Il programma, spiega la fonte del comunicato, punta a mettere in luce due percorsi di conoscenza complementari. Da un lato le “testimonianze nascoste di accoglienza”, segno della vocazione perugina all’inclusione; dall’altro la cosiddetta “Perugia classica”, che sarà raccontata ai nuovi residenti e agli studenti internazionali per una memoria condivisa tra chi arriva e chi abita.
Fra i luoghi simbolo riaperti per l’occasione, spiccano Palazzo Gallenga Stuart, sede dell’Ateneo per Stranieri, Palazzo dei Priori, Palazzo Cesaroni e il Palazzo del Vescovado. Si tratta di spazi che tornano accessibili al pubblico con visite guidate tenute dai “padroni di casa”, veri ambasciatori di un accogliente orgoglio civico.
La vera novità del 2025, sottolinea l’associazione, sarà però lo sguardo sull’anima plurale di Perugia. Il focus dedicato alle comunità religiose presenti in città offrirà la possibilità di partecipare alle liturgie dei diversi culti e di conoscere persone, storie e linguaggi dove l’identità locale incontra il mondo. Una rete di luoghi di culto, spesso discreti e poco conosciuti, che racconteranno la Perugia delle convivenze e delle identità molteplici.
Come ha ricordato monsignor Giulietti, l’immigrazione degli ultimi decenni ha radicato nel territorio comunità etniche che oggi custodiscono riti e spiritualità proprie, spesso invisibili ai più. Per questo Luoghi Invisibili 2025 sceglie di rendere visibile l’invisibile, proponendo una lettura della città come mosaico di fedi e culture.

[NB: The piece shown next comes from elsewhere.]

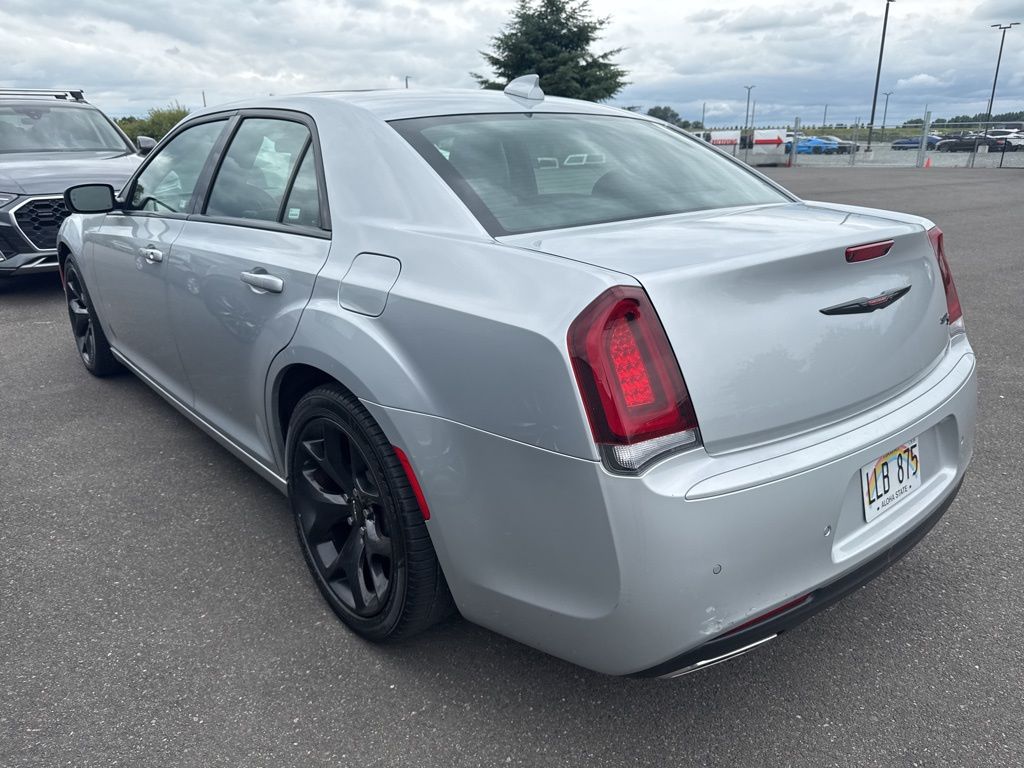 2021 Chrysler 300 S photo 2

Un altro punto forte del programma, nel segno della collaborazione con l’Università, è il coinvolgimento delle nuove generazioni. Con la docente Dianella Gambini, è stato sviluppato l’itinerario “La Perugia dei pellegrini – trekking urbano per under 18”, un percorso che attraversa chiese, luoghi santi, musei e tappe del cammino giacobeo per incoraggiare i giovani a leggere il patrimonio storico-artistico come esperienza viva. Chi seguirà l’itinerario percorrerà la via della Sposa, passando dalla chiesa di Sant’Andrea fino all’abbazia di San Pietro, con sosta alla Galleria Nazionale dell’Umbria.
Da parte sua, l’assessore Fabrizio Croce ha ribadito che la manifestazione incarna una coerenza progettuale rara: adattarsi al tempo presente mantenendo un’anima costante. Luoghi Invisibili, ha dichiarato, interpreta il contesto di anno in anno, aprendosi al linguaggio internazionale senza tradire il radicamento nel territorio.
Nelle parole dell’assessore – riportate dal comunicato ufficiale – il progetto conferma la vocazione cosmopolita e inclusiva della città, valorizzando i valori di accoglienza che ne fanno un punto d’incontro tra culture. L’attenzione ai flussi turistici destagionalizzati, l’equilibrio fra grandi eventi e iniziative di nicchia, restano obiettivi strategici dell’Amministrazione.
L’evento, conclude la nota, continuerà a ricevere pieno sostegno dall’Assessorato al turismo, riconoscendone il valore nel connettere passato e futuro, spiritualità e curiosità.